Türkiye’nin geldiği nokta ve dünyadaki konumu hiç olmadığı kadar güçlü, hiç olmadığı kadar stratejik.  Ama bir o kadar içerde algı ters oranda olumsuz ilerliyor.  Dalgalara kapılır gibi algılara katılıyoruz hızla.

Oysa Türkiye Cumhuriyetin 100. yılını 21 ay sonra dolduracak. Yeni bir heyecan yeni bir vizyon çizmek için fırsat var önümüzde. 

Aslında devlet olarak, bütün siyasi yapılar olarak, halk olarak Cumhuriyet’in 100. Yılına hazırlanmamız gerekir.  Ama hiçbir hazırlığı ve hiçbir çabayı görmüyoruz. 

Benim şahsi görüşüm aslında Meclis’in Açılışının 100. Yılı Cumhuriyet’in ilanının 100. Yılından daha önemliydi.  Böyle bir konuyu hiçbir vizyon, hiçbir etkinlik, hiçbir ufuk çizecek hazırlığın dahi yanından geçmeden heba ettik. Bu konuda iktidar partisinin ve Meclis idaresinin ihmali olduğunu varsaysak bile muhalefet partilerinin gündemine hiç girmemesi ise daha dikkat çekiciydi.

Bu Meclis kurtuluş mücadelesi vermiş, yeni bir devleti kurulmuş ve yönetmiş,  Cumhuriyeti ilan etmşti oysa. Yani bugünkü Türkiye’nin varlığının vesilesidir.

Bu nedenle benim gözümde Meclis’in Açılışının 100. Yılında devletin, iktidar ve muhalefetin, SKT’ların, üniversitelerin, bilim dünyasının yeni bir vizyon ortaya koyması gerekirdi. Maalesef böyle bir imkân heba ve israf edilmiştir.

Hiç kimse korona virüs salgını bahanesinin arkasına sıvınmasın. Çünkü üç-beş konser ile üç-beş seminer ve konferansın iptali ile açıklanamaz bu durum.

Şimdi önümüzde Cumhuriyet’in 100. Yılı var. Fakat 21 ay sonra Cumhuriyet’in 100. Yılını dolduracak olmamıza rağmen hiçbir hava yok ortada. Belki üç-beş konser, üç-beş kutlama hazırlıkları yapılıyor olabilir. Dediğim farklı. Tam aksine yeni bir vizyon yeni bir ufuk, yeni bir atılım sözünü ettiğim.

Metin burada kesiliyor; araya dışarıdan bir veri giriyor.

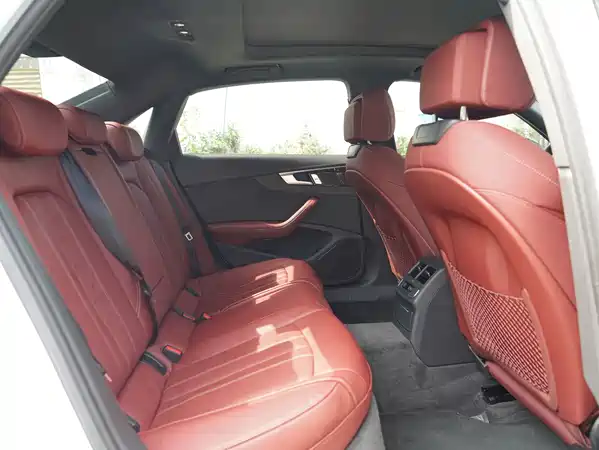 Audi A4L 2024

100 yıl önce Meclis’in açılışı ve Cumhuriyetin ilanı varoluş mücadelemizdi. Bugün bu vizyonun üzerine çıkma zorunluluğu vardır.

Meclis’in Açılışının 100. Yılı konusunda kaçırdığımız fırsatı Cumhuriyet’in ilanının 100. Yılı konusunda kaçırmamalıyız. Bir tarafta toplumun dâhil edileceği yeni bir heyecan oluşturulmak zorundadır.  Bu heyecanın göbeğinde toplumun bütün kesimleri ile birlikte devlet olmalıdır. Devletle birlikte siyasi partiler, STK’lar, üniversiteler, bilim dünyası, spor dünyası, kültür-sanat dünyası, ekonomi-sanayi, ticaret dünyası olmalı. Hepsinden önemlisi teknoloji ve siber dünya olmalıdır.

Bu heyecana bütün Türk dünyası ve İslam dünyası dâhil edilmelidir özellikle.

Ama biz bu heyecanı duymamız gerekirken Türkiye’de neleri tartışıyor, hangi gündemlerle uğraşıyoruz?

Eğer önümüzdeki 2023 vizyonunu da lüzumsuz boş gündemlerle heba edersek kimseye mana bulmamıza gerek yoktur. Başta iktidar olmak üzere başta bütün siyaset kurumları ve devlet bu konuda sorumludur.